Disruptive companies in film, television, music and retail have revolutionised their industries by giving consumers the products they want; when, where and how they want it.
The likes of DAZN and Eleven might be at the forefront of this movement in sport, having solved the ‘when’ and ‘where’ for sports fans in markets across Europe, the Americas and Asia.

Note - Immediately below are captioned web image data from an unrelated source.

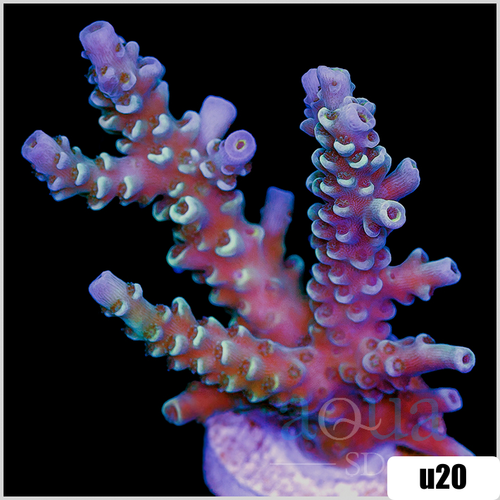 ASD Rainbow Tenuis Acropora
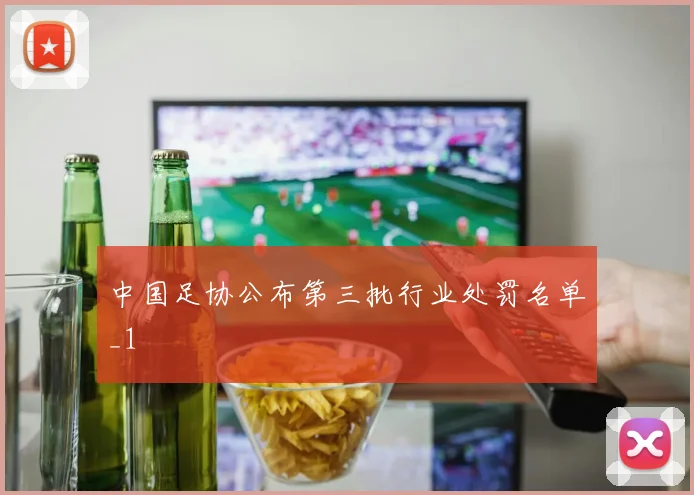 中国足协公布第三批行业处罚名单_1
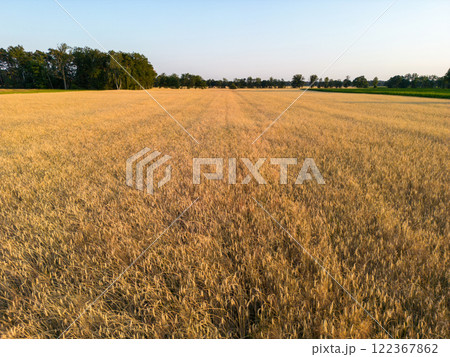 Aerial view of a Grain Field with Triticale 122367862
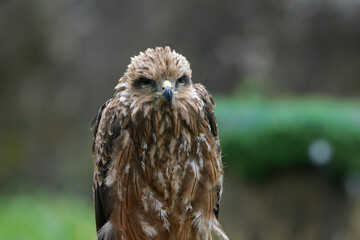 Young changeable hawk eagle face close up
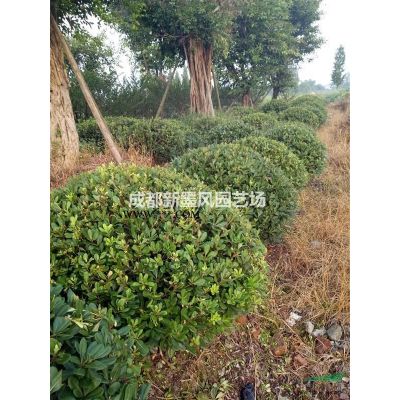 红枫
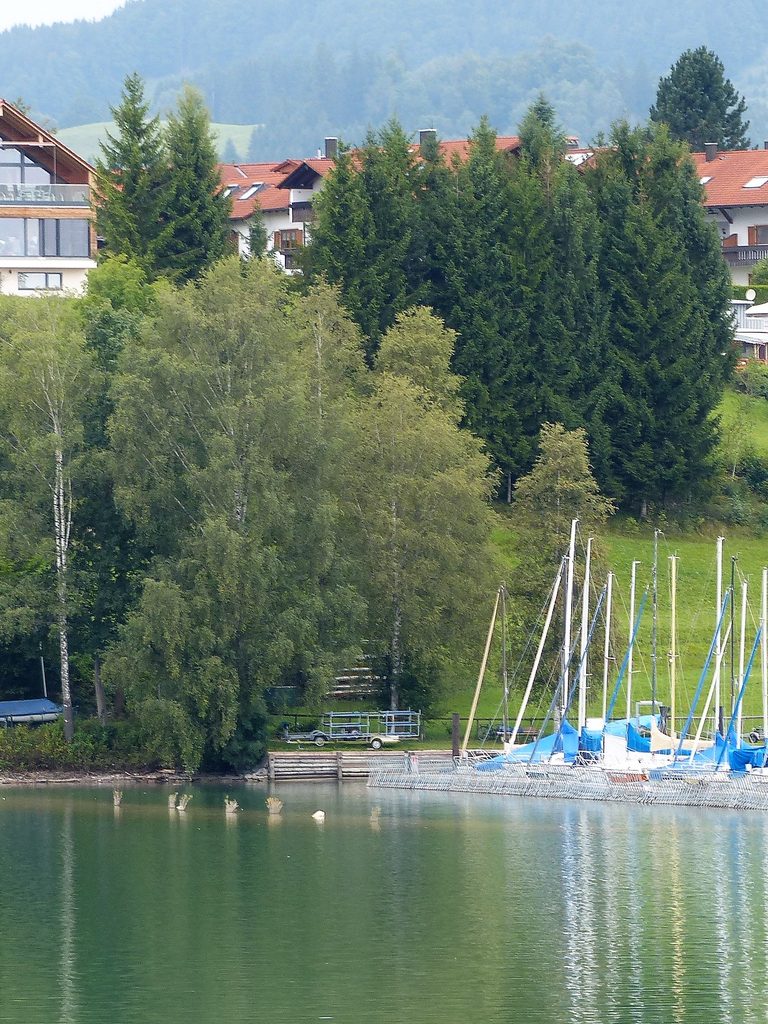 Segelboote am grünen Westufer des Forggensees im Sommer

But to successfully disrupt an industry, a company must offer significant improvements on what legacy companies can offer in every area.
The most successful disruptors – Spotify, Netflix, Amazon, Uber – have achieved this by aggregating almost every product a consumer could want in the relevant category, improving the user experience in their industry and delivering the service on all devices at a lower price than legacy competitors.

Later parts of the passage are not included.